Once a torch model (torch.nn.Module) is prepared, compile it with rebel.compile_from_torch(). Save the compiled model using compiled_model.save().

1
2
3
4
5
# Compile the model  
compiled_model = rebel.compile_from_torch(model, [ ("x", [1, 3, 640, 640], "float32") ])  

# Save the compiled model to local storage  
compiled_model.save(f"{model_name}.rbln")  

Complete compilation

The compilation code is included in compile.py. Execute the script as follows to generate the rbln file:

$ python compile.py --model-name=yolov8m  

Inference with RBLN SDK C/C++ Runtime API

Prepare CMake build script

The example application uses OpenCV for image pre/post-processing and argparse for CLI parameter parsing. The CMake script below describes external package dependencies and linking.

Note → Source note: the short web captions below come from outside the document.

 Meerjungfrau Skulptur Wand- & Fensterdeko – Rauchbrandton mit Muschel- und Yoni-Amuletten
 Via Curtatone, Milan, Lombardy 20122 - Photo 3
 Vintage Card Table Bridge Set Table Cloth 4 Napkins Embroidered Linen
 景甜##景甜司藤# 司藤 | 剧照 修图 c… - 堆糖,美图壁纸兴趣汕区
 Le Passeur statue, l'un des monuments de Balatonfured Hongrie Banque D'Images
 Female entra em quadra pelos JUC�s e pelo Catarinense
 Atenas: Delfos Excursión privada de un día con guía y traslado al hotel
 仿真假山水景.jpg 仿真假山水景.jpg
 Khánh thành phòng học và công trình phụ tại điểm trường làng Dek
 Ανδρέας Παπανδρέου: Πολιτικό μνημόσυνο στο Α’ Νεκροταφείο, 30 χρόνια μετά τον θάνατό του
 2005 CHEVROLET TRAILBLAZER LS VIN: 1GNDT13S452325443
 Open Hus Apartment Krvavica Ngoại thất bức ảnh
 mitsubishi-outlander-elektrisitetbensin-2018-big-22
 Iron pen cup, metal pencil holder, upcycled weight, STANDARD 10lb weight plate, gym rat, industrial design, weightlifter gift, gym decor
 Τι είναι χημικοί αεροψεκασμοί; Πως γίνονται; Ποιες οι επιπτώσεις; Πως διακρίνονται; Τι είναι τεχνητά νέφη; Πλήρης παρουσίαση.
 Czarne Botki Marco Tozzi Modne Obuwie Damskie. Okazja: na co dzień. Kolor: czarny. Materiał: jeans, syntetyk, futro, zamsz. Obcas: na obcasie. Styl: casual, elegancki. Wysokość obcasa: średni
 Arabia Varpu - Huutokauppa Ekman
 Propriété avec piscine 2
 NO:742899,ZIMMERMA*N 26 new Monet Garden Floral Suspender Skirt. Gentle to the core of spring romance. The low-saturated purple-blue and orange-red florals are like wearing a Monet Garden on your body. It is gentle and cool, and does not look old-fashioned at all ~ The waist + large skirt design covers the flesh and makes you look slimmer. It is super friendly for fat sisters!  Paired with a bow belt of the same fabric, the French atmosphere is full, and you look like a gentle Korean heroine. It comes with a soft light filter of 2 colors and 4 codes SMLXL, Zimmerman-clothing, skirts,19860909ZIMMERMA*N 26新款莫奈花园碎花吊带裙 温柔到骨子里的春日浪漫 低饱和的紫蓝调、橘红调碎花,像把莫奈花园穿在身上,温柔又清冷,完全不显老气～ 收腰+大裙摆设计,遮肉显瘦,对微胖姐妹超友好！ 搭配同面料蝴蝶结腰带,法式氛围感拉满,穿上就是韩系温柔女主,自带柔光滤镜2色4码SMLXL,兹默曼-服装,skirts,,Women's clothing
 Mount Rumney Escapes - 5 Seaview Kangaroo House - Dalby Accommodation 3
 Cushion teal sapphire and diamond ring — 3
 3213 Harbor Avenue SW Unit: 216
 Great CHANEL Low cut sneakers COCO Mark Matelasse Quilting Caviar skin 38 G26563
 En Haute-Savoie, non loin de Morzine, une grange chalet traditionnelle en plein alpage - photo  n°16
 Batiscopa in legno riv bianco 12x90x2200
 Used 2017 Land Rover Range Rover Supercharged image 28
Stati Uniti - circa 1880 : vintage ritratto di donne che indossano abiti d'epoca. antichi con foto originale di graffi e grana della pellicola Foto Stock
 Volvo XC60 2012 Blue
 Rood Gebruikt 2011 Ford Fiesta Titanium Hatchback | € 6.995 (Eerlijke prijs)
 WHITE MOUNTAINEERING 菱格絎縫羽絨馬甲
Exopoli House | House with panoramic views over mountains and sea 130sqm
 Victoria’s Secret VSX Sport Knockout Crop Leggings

# Define dependencies for external Package  
include(FetchContent)  
include(cmake/opencv.cmake)  
include(cmake/argparse.cmake)  

# Define the name of executable  
add_executable(object_detection main.cc)  

# Update link info for package dependencies: OpenCV  
find_package(OpenCV CONFIG REQUIRED)  
target_link_libraries(object_detection ${OpenCV_LIBS})  

# Update link info for dependencies: RBLN  
find_package(rbln CONFIG REQUIRED)  
target_link_libraries(object_detection rbln::rbln_runtime)  

# Update including dependencies: argparse  
target_include_directories(object_detection PRIVATE ${argparse_INCLUDE_DIRS})  

Prepare the input

Preprocess the input image using OpenCV APIs. The following code snippet reads and preprocesses the image.

1
2
3
4
5
6
7
8
9
std::string input_path = "${SAMPLE_PATH}/people4.jpg";  
cv::Mat image;  
try {  
    image = cv::imread(input_path);  
} catch (const cv::Exception &err) {  
    std::cerr << err.what() << std::endl;  
    std::exit(1);  
}  
cv::Mat blob = cv::dnn::blobFromImage(GetSquareImage(image, 640), 1./255., cv::Size(), cv::Scalar(), true, false, CV_32F);  

Run inference (Synchronous Execution)

The following code snippet shows synchronous inference.

std::string model_path = "${SAMPLE_PATH}/yolov8m.rbln";  
RBLNModel *mod = rbln_create_model(model_path.c_str());  
RBLNRuntime *rt = rbln_create_runtime(mod, "default", 0, 0);  

// Set input data  
rbln_set_input(rt, 0, blob.data);  

// Run sync inference  
rbln_run(rt);  

// Get output results  
void *data = rbln_get_output(rt, 0);  

Run inference (Asynchronous Execution)

The following code snippet shows asynchronous inference.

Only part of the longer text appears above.